What the exercise asks
What is needed here is an exact copy of every record below.
Top of Information
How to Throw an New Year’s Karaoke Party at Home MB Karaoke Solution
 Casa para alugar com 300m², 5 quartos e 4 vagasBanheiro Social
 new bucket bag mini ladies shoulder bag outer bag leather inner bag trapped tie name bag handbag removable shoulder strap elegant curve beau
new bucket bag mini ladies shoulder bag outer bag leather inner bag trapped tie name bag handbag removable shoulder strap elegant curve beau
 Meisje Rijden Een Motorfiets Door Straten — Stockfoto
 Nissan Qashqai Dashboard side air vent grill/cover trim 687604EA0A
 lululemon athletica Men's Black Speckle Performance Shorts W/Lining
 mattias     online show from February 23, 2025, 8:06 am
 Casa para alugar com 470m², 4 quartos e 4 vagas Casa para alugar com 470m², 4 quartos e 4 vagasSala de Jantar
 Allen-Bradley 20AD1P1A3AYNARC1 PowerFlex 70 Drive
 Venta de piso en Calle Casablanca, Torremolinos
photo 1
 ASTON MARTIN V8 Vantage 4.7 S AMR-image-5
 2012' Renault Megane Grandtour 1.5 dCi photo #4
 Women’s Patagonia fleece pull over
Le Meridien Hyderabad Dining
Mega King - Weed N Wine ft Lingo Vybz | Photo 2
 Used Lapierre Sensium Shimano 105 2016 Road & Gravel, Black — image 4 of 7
Bottom of Information
Result of the exercise
How to Throw an New Year’s Karaoke Party at Home MB Karaoke Solution
 Casa para alugar com 300m², 5 quartos e 4 vagasBanheiro Social
 new bucket bag mini ladies shoulder bag outer bag leather inner bag trapped tie name bag handbag removable shoulder strap elegant curve beau
new bucket bag mini ladies shoulder bag outer bag leather inner bag trapped tie name bag handbag removable shoulder strap elegant curve beau
 Meisje Rijden Een Motorfiets Door Straten — Stockfoto
 Nissan Qashqai Dashboard side air vent grill/cover trim 687604EA0A
 lululemon athletica Men's Black Speckle Performance Shorts W/Lining
 mattias     online show from February 23, 2025, 8:06 am
 Casa para alugar com 470m², 4 quartos e 4 vagas Casa para alugar com 470m², 4 quartos e 4 vagasSala de Jantar
 Allen-Bradley 20AD1P1A3AYNARC1 PowerFlex 70 Drive
 Venta de piso en Calle Casablanca, Torremolinos
photo 1
 ASTON MARTIN V8 Vantage 4.7 S AMR-image-5
 2012' Renault Megane Grandtour 1.5 dCi photo #4
 Women’s Patagonia fleece pull over
Le Meridien Hyderabad Dining
Mega King - Weed N Wine ft Lingo Vybz | Photo 2
 Used Lapierre Sensium Shimano 105 2016 Road & Gravel, Black — image 4 of 7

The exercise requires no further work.